Teens are doing more than just reading political posts, with 50% reporting to have shared a political post in the past year, according to the NAHS poll. 

“I would say 30-45 percent [of my social media feed] is political,” Gaetano said. “I use my platform to express my opinions on political things going on that are good and bad. I have never used it in a negative way and I don’t think it is a bad thing to use your platform to speak out on what you believe.”

Posts related to politics drastically increased in the 30 days following George Floyd’s death, according to John Murphy, a professor at University of Connecticut. 

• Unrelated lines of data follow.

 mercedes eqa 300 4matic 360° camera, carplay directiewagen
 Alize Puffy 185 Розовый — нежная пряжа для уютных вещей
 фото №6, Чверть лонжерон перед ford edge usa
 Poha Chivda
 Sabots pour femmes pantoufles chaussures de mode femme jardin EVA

“I think the George Floyd murder brought a lot of much needed attention to our unjust system and that is why political posting has gone up,” Gaetano said. “I believe it woke people up, opened more eyes to what’s really going on and made them realize how important it is to be vocal in your beliefs.”

These posts come in all forms, whether it is a tweet from a politician, a traditional news post, or an aesthetically pleasing infographic slideshow. 

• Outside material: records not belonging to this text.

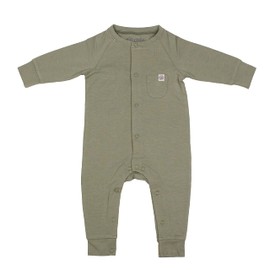 Cloby CBY-UVS1-OG Overall/Romper with UV Protection (UPF 50+) Olive (Size 50/56), olive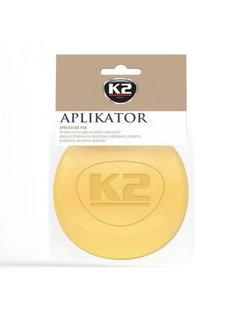 Губка-аппликатор K2 APLIKATOR PAD Size 4", Ø10 см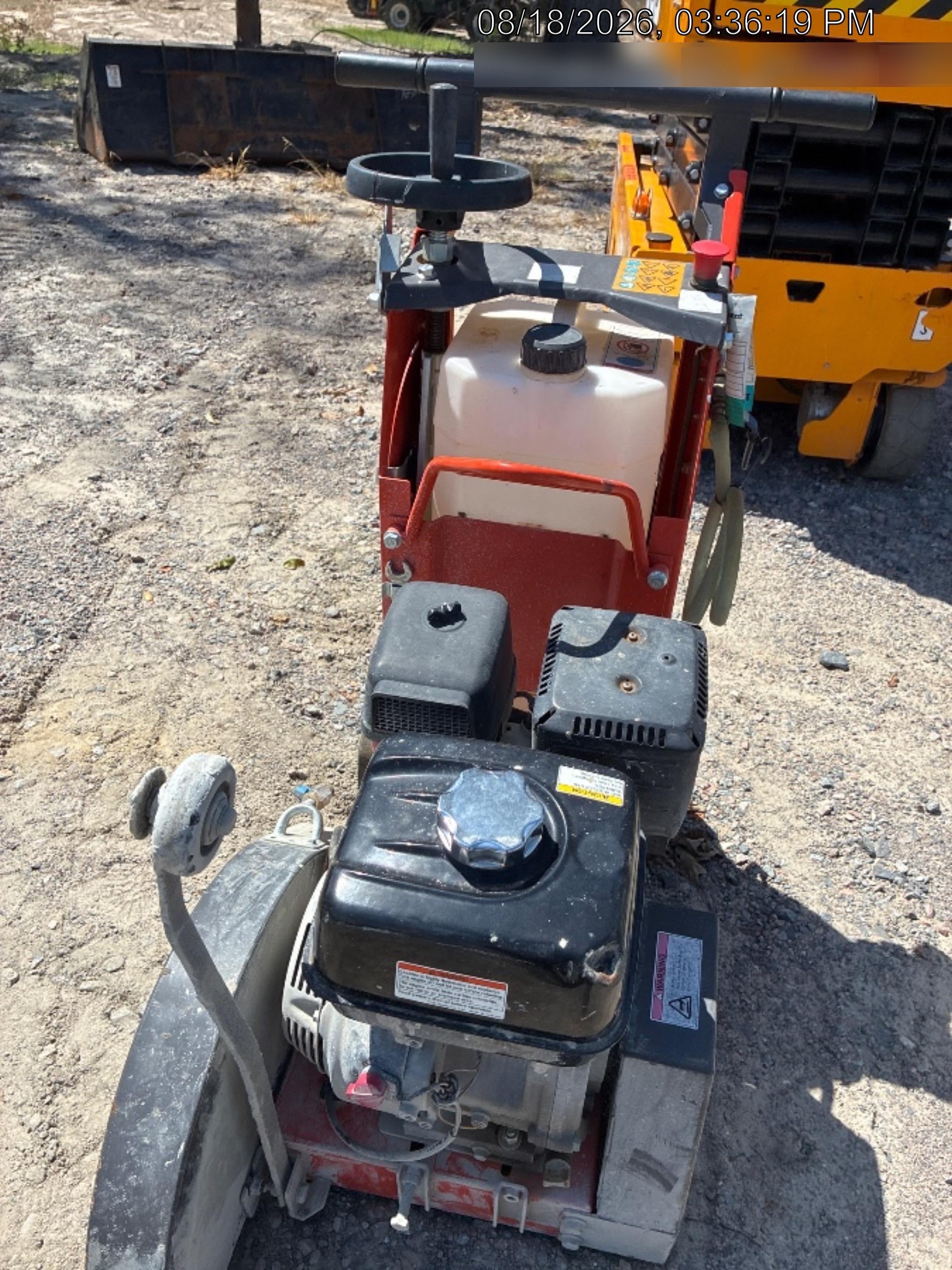 2025 HUSQVARNA FS 400 LV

“Either the news ones, or the ones that you can swipe through and see what it says [attract me],” senior Kade Riley said. “Then I can fact check and see if it’s actually true.”

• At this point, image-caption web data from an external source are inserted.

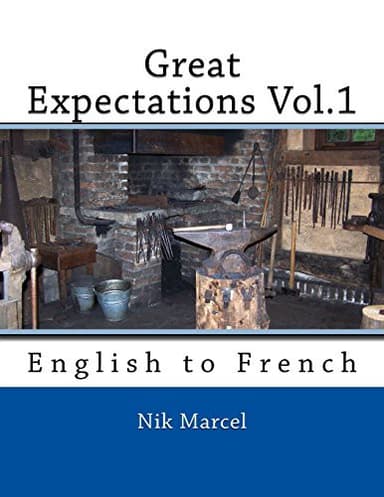 Cover of Great Expectations Vol.1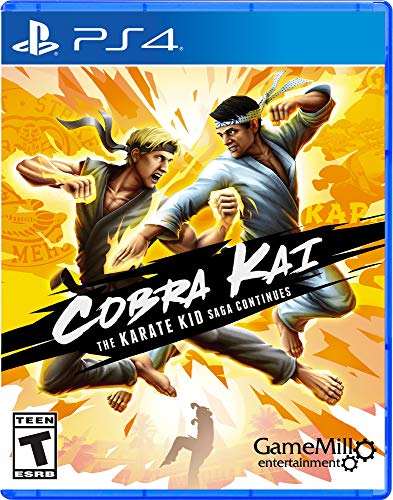 COBRA KAI - PLAYSTATION 4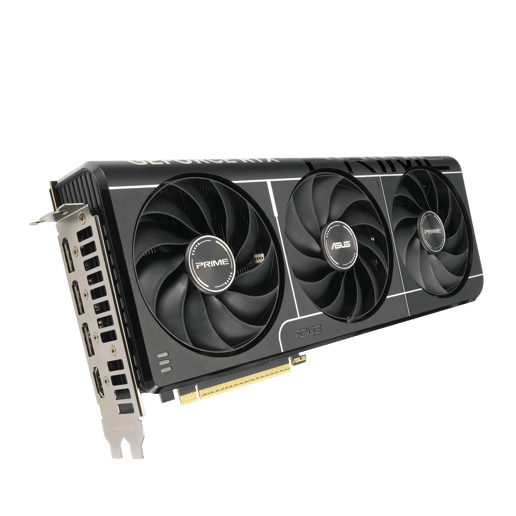 ASUS GeForce RTX 5080 Prime OC 16GB GDDR7 Graphics Card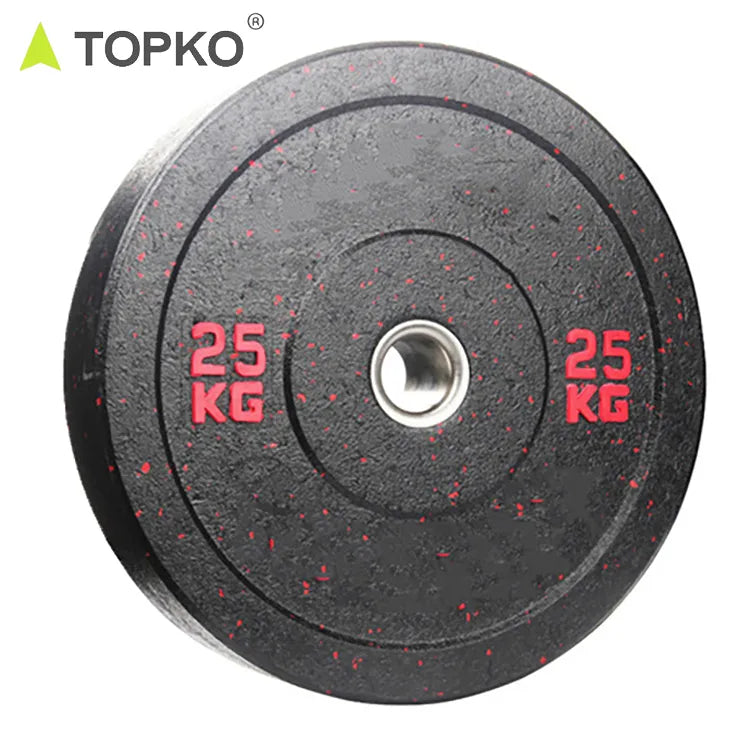 Colordot EPDM Bumper Plate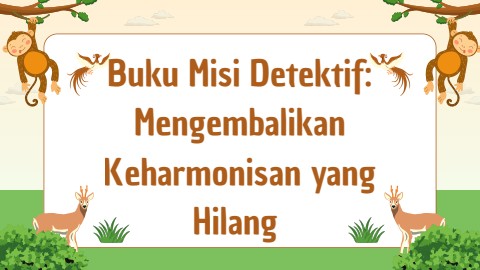 media pembelajaran ekosistem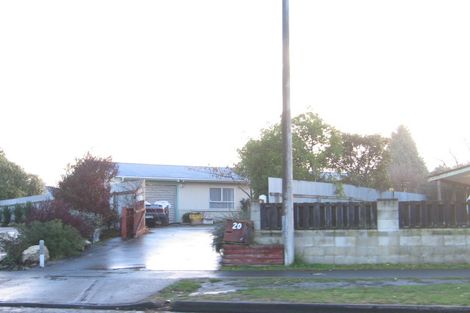 Photo of property in 20 Cortes Crescent, Flaxmere, Hastings, 4120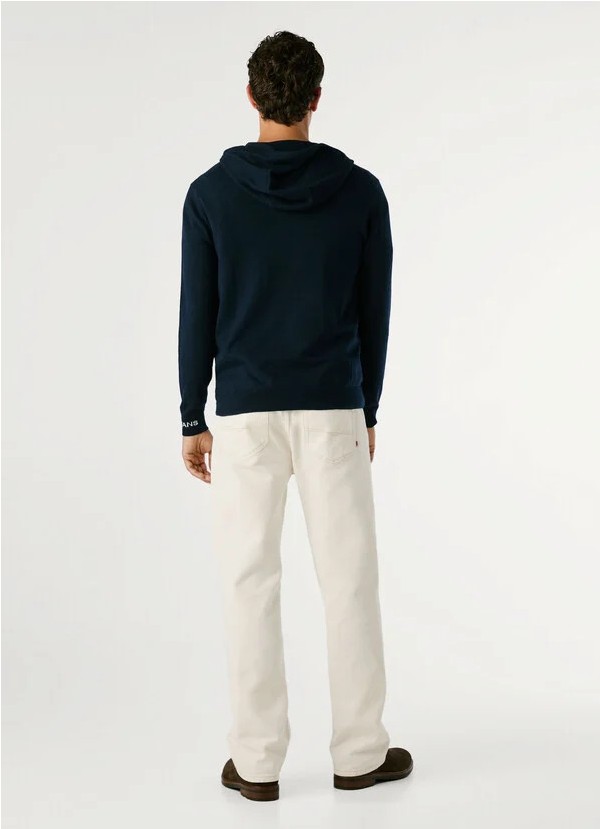 JERSEY ANDREE HOODIE PJL BLUE - Imagen 2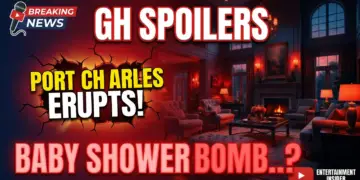 Gh spoilers: port charles erupts! Baby shower bombshells & willow's showdown!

Posting politics comes with a huge responsibility, and with the ever growing term “fake news”, fact checking is more important than ever. 80% of the 45 students who reported posting politics on social media said they fact checked, according to the NAHS poll. In addition, 62% of students reported they were more likely to fact check a political  post they disagreed with. 

“I think students are more likely to fact check something they disagree with because they want to believe a certain thing about certain political parties and when it’s proving that how they view them is wrong they can’t handle it and get mad,” junior Kenzie Kraft said. 

Gaetano says she fact checks before posting or reposting something with political content. 

“I always fact check,” Gaetano said. “Anything you see on the internet could be fake so it is important to make sure that what you are reposting and supporting it real. For me, the process is simple. If I see something I feel the need to repost I will fact check it.”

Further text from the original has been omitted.